The market seems to have become a fetish in these times; not only does the economy but also the system of governance appears to be more and more market-based. This is also a time, intriguingly, when a new counter-politics of direct distribution and transfer of small amounts of cash or other resources and benefits to a large numbers of have-little people has emerged as a prominent trend in many countries in the global South. It is as though there is an expansion rather than reduction in social assistance programmes, often modest in amount but inclusive in nature.
There is, of course, an enduring anxiety among many about the so-called ‘populist’ intent of such policies, their alleged wastefulness, and their claimed propensity to produce a permanent clientele of charity, which is supposedly inactive and undeserving. In this article, we take a critical, albeit fleeting, glance at such a ‘social-policy phobia’ before we turn our focus to the bicycle distribution scheme to high school students of West Bengal, known as Sabooj Sathi.
First, those who are vociferous against ‘the rise and rise of social protection’ for the have-littles, often remain mute about the hidden welfare state for the have-enoughs. Indeed, social payments like old age pension, benefits under the rural job guarantee scheme MGNREGA, amounts spent per child on school meals and so on are tiny when compared with some of the hidden subsidies to the rich, such as exemptions on taxes.
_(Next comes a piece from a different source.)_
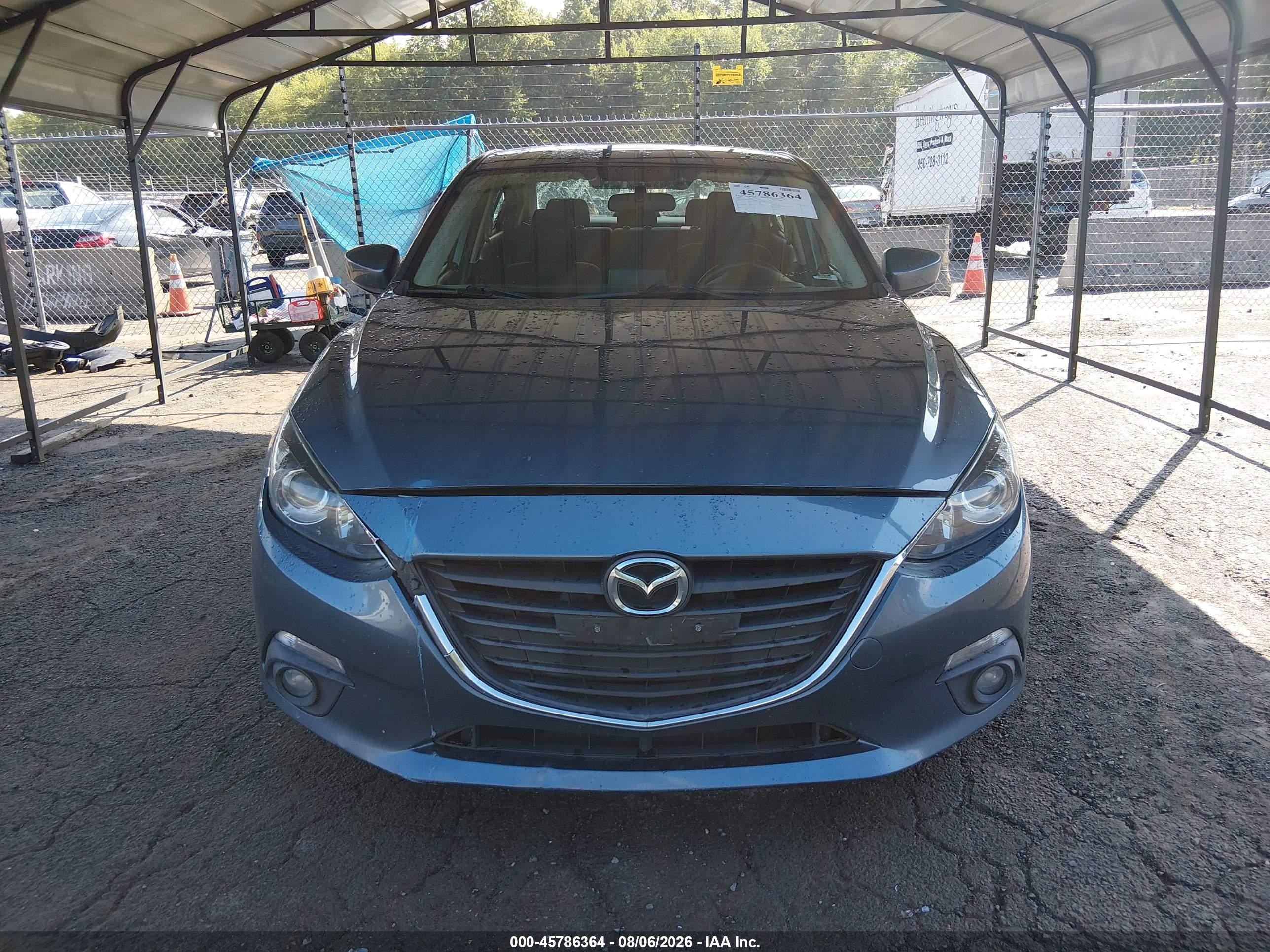 2015 Mazda Mazda3 I Touring Blue vin: 3MZBM1V77FM166916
Second, it is worth asking whether populism is an unqualified bad – an unscrupulous and calculated vote-maximising strategy on the part of the ruling powers that perversely induces dole dependence among the indigent population. Alternatively, it is arguable that like ‘good’ cholesterol and ‘bad’ cholesterol, there are different hues of populism – populism that enhances social justice as opposed to the one that is socially retrogressive, iniquitous and even inefficient.
Third, it is important to look at the system of social benefits not just from the vantage point of populist leaders but, more importantly, through the prism of the supposed beneficiaries. Does social payment or social wage anchored in various schemes – that directly transfer benefits to them either in cash or kind – have any positive effects on their lives, that face precarity on a daily basis due to entrenched social inequalities?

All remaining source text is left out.